As the researcher Runa Sandvik discovered, the ‘OK’ button on the login dialog of the Nintendo e-shop will only light up when the user enters the valid password (that matches the email address). Moreover, the button lights up if the user enters the correct first eight characters of their password. This doesn’t mean that if you click it, you will log in, as the full password will have to be entered for that. However, it does give a clue on what the first eight characters are. For a “typical” 12-character password, the hacker would only have to guess another four characters.
This is like giving someone a “free pass” to try as many eight-character combinations as they wish, and the system will let them know when they’ve entered a valid one. If it’s a passphrase, guessing the remainder would be pretty easy. All that said, this flawed system seems to provide a pretty good explanation around the recent surge of the takeover attacks. Nintendo may have chosen to implement this “confirmation” system to make things a bit more convenient on the login screen. Still, the security implications and, by extension, the consequences that arise from this decision are dire.

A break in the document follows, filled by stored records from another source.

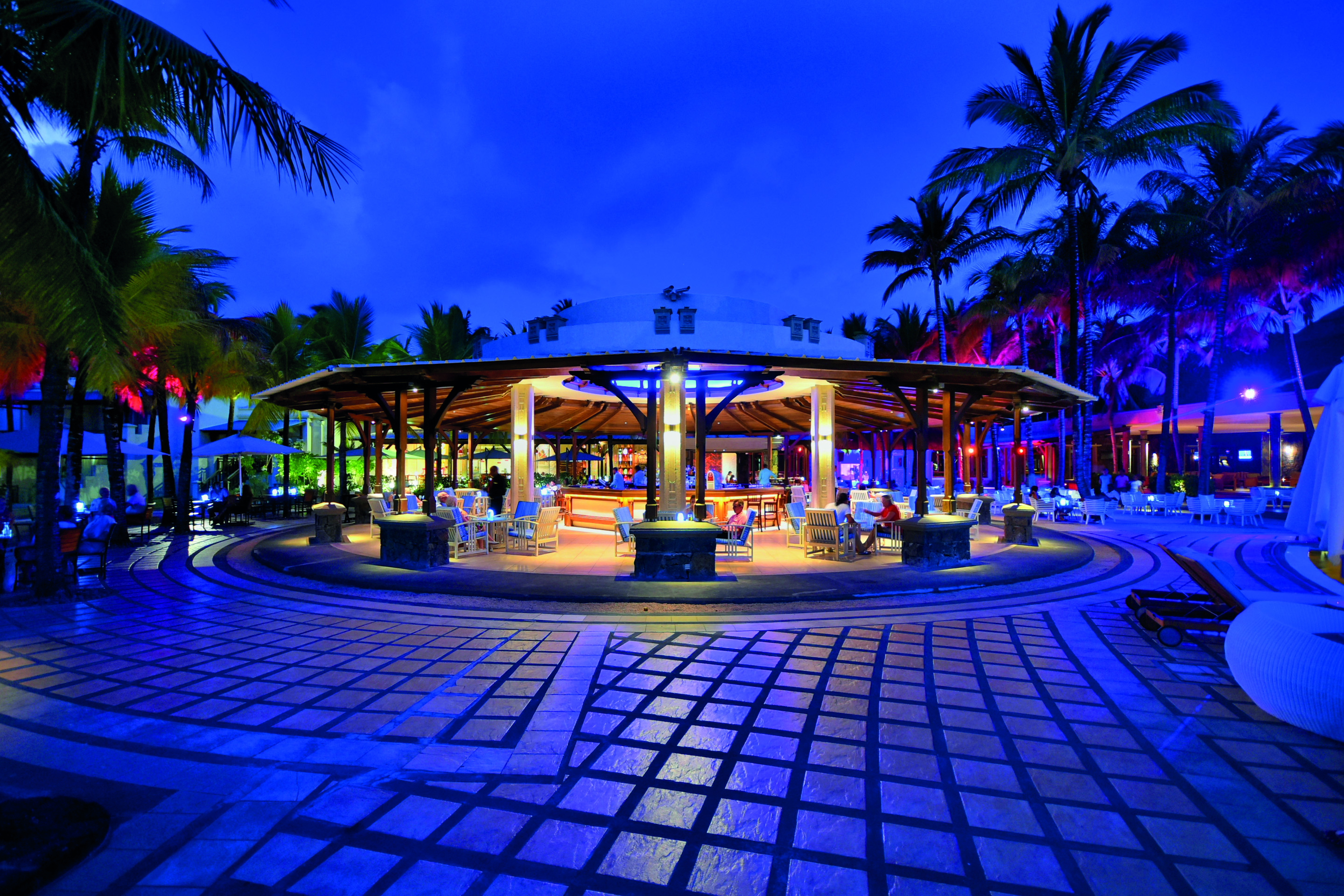 Shandrani Beachcomber Resort & Spa image
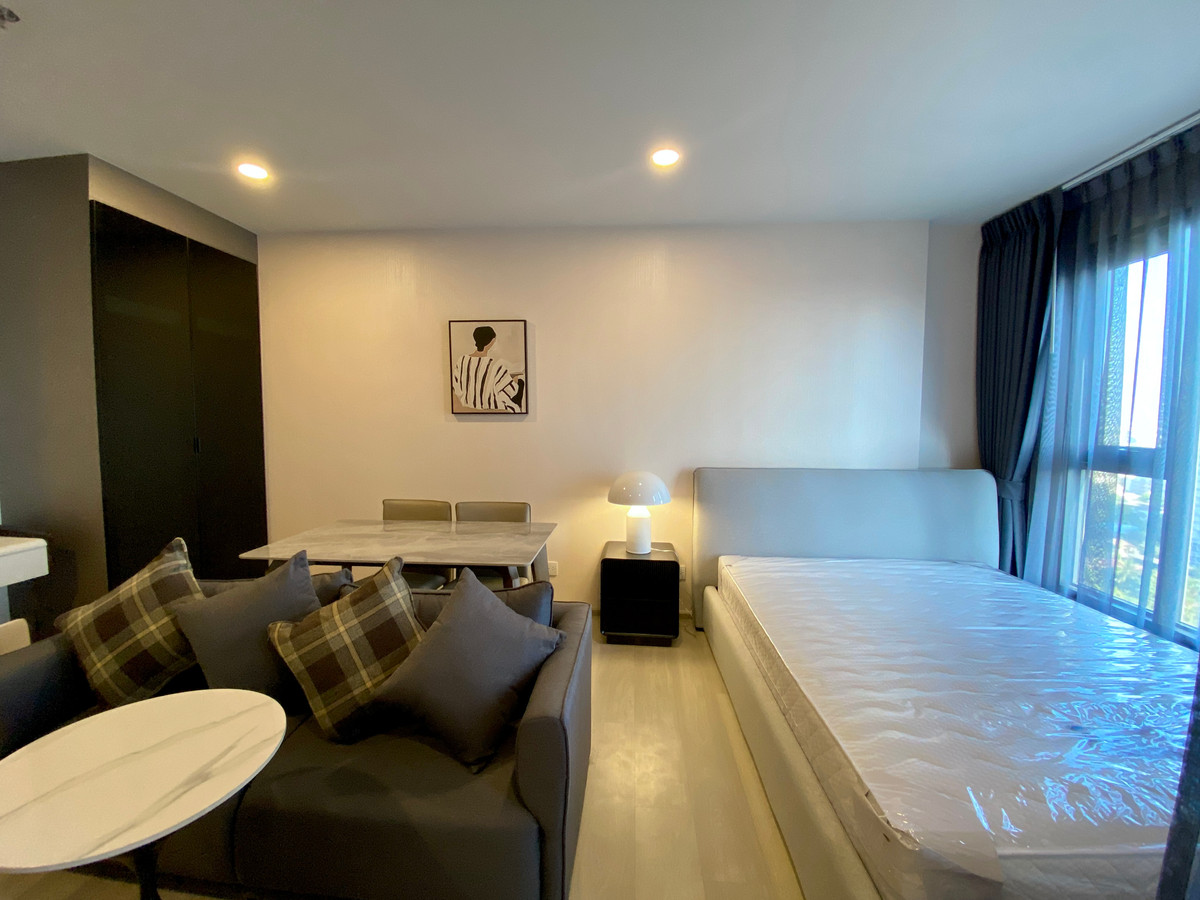 For RentCondoOnnut, Udomsuk : Aspire Onnut Station For Rent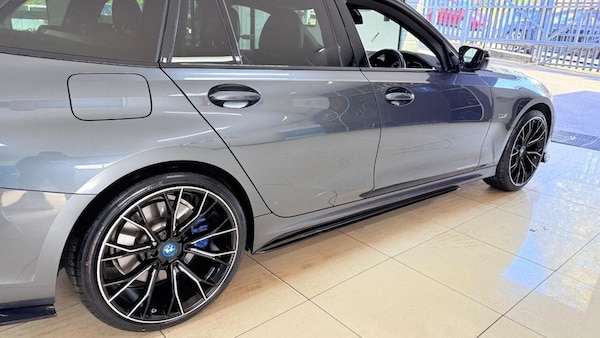 Used BMW 3 Series 2021 for sale - 76119244: Photo 11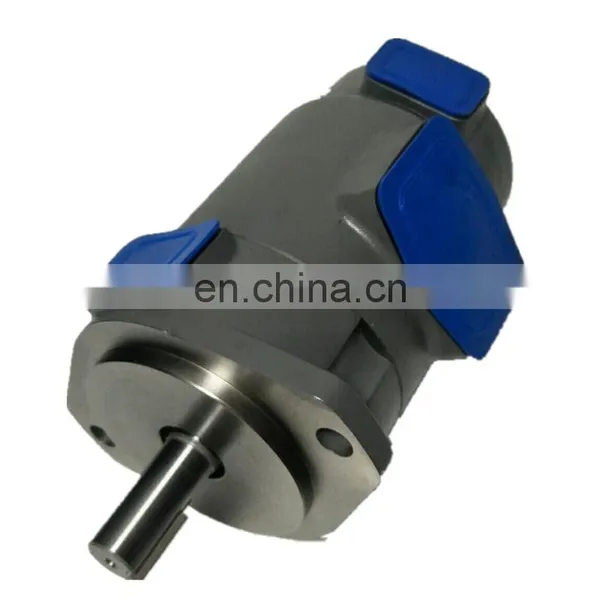 Trade Assurance SQP Series SQP321-21-21-3-86-DCD-18-S135 Tokimec Double Vane Pump photo-2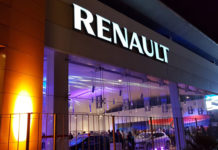 ARTES RENAULT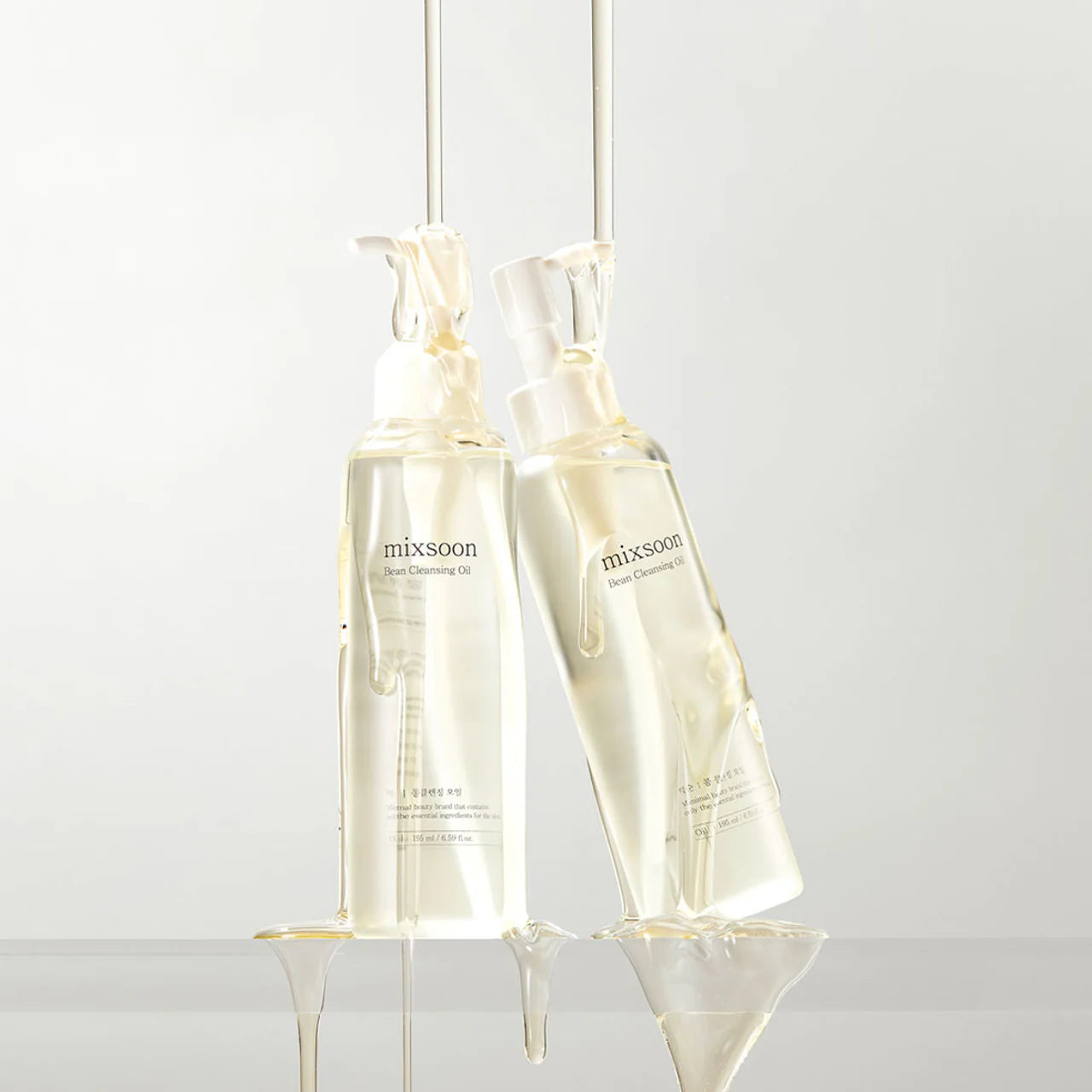 Mixsoon Bean Cleansing Oil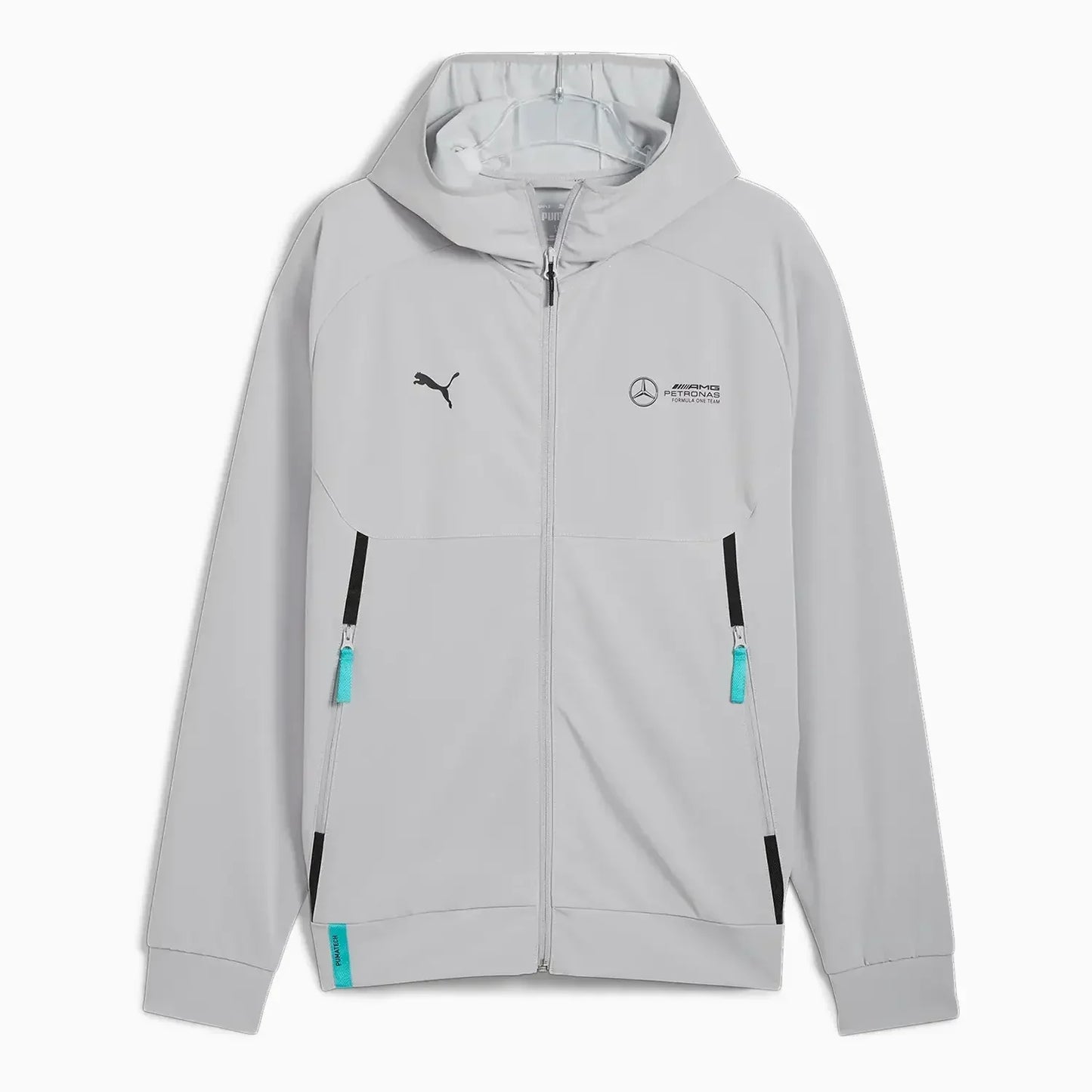 Mercedes-AMG Petronas F1 x Men's Tech Tracksuit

Finally, this raises the question of how Nintendo stores user passwords in the first place. The gaming company should not be able to compare plaintext to plaintext, as the passwords should be stored in a hashed form on its systems. Being able to compare and match them, though, indicates that there’s no cryptographic step in the way – at least not for the first eight characters of your password. If you haven’t activated two-factor authentication on your Switch account yet, you should do it immediately. Nintendo hasn’t responded to this story yet, so we can’t say if that they’re planning to amend the login screen and change the ‘OK’ button behavior.